Dans la Fraternité Saint-Pie X, longtemps on a prêché (par exemple aux enfants
des écoles qui partaient pour les vacances d’été) qu’il valait mieux ne pas
aller à la messe le dimanche si on ne pouvait pas assister à une messe selon le
rite traditionnel. Ce n’était pas un sermon d’occasion, mais un sermon répété
d’année en année. Le dit-on aussi brutalement aujourd’hui ? Je n’en sais
rien. En tout cas, depuis longtemps la FSSPX ne prêche plus selon la position
exprimée par Mgr Lefebvre en 1970 : « Si on n’a pas le choix et si le
prêtre qui célèbre la messe selon le Novus
Ordo est un prêtre digne et fidèle, on ne doit pas s’abstenir d’aller à la
messe »[1].
• en face, il
y a ceux pour qui la messe traditionnelle est un vestige d’archéologie
chrétienne. « Hors de la messe de Paul VI, il n’y a point de vie
spirituelle » pourraient-ils dire. C’était la position du P. Congar,
théologien tant estimé dans la deuxième moitié du XXe siècle : « J’ai
aimé la messe latine que j’ai célébrée pendant près de quarante ans. Mais je ne
voudrais pas y revenir. J’ai récemment assisté (et, comme prêtre, concélébré) à
une messe dite de saint Pie V, célébrée pour l’enterrement d’un ami.

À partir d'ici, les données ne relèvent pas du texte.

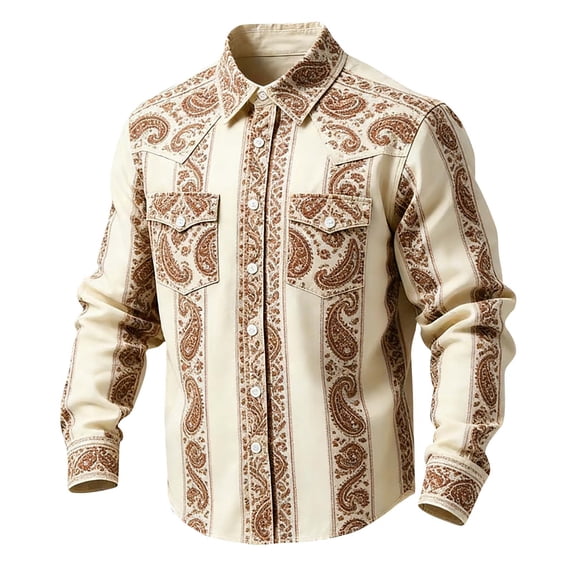 LEKWK Men's Retro Western Shirt Baroque Floral Print Striped Long Sleeve Button Down Cowboy Top Rodeo Party Festival Costume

Franchement, c’était pénible. L’assistance n’a pas dit un mot ; elle ne
voyait rien et n’entendait presque rien de ce que le prêtre, dos au peuple,
faisait à l’autel.[2] »
• il y a
encore les adeptes d’une voie moyenne, ceux qui, sans refuser aux autres la
messe traditionnelle, ont fait de l’assistance à la messe de Paul VI un critère
de communion ecclésiale. Leur formule pourrait être : « Sans la messe
de Paul VI, au moins une fois par an (pour la messe chrismale), point de
communion pleine et entière ».
La position de
Jean Madiran ne se ramène à aucune de celles-là – nomenclature non exhaustive.
Aux premières pages de son Histoire de la
messe interdite (fasc. 2), il écrit : « Une messe nouvelle (et
facultative) ne paraît pas impossible en principe, si elle est explicitement et
intégralement catholique, sans équivoque ni omission. Peut-être est-il vrai que
le niveau mental de l’obscurantisme et de la barbarie modernes, fermés au
spirituel et au transcendant, appelle une messe simplifiée (mais
authentique) ; une messe-digest pour une Église yankee, fille plus ou
moins émancipée de l’Église latine. On peut rêver à une application en ce sens
de la constitution conciliaire sur la liturgie ; à ce qu’aurait pu faire
Paul VI ; peut-être voulait-il le faire ; et il l’a raté. »
Dans le
dernier livre de Jean Madiran, on trouvera une chronologie des faits, citations
et déclarations relatifs à la « messe interdite » pour la période
1976-1989, chronologie entrecoupée de « récits » à forte saveur.
Dans les
années 1970, sur le sujet de la messe, tout s’est passé comme si l’épiscopat
français, à travers ses autorités, avait donné le ton aux déclarations
romaines. Le communiqué du cardinal Marty, le 28 février 1977, suite à
l’occupation de Saint-Nicolas-du-Chardonnet – Il ne s’agit pas d’une querelle à propos du latin. Il ne s’agit pas
d’abord de la messe selon le rite de Saint Pie V. il s’agit de la foi
catholique elle-même –, est repris, presque mot pour mot, par le cardinal
Poletti, vicaire de Rome, dans un communiqué en date du 5 juin suivant.
Ceux qui ne
lisent pas Jean Madiran ou qui lui prêtent de mauvaises intentions, devront
bien, un jour, reconnaître son honnêteté intellectuelle et son talent dans
l’acribie. Ses pages sur Mgr Lefebvre – p. 41 à 105 – déplairont, en certains
passages, aux « lefebvristes » et apprendront beaucoup aux autres.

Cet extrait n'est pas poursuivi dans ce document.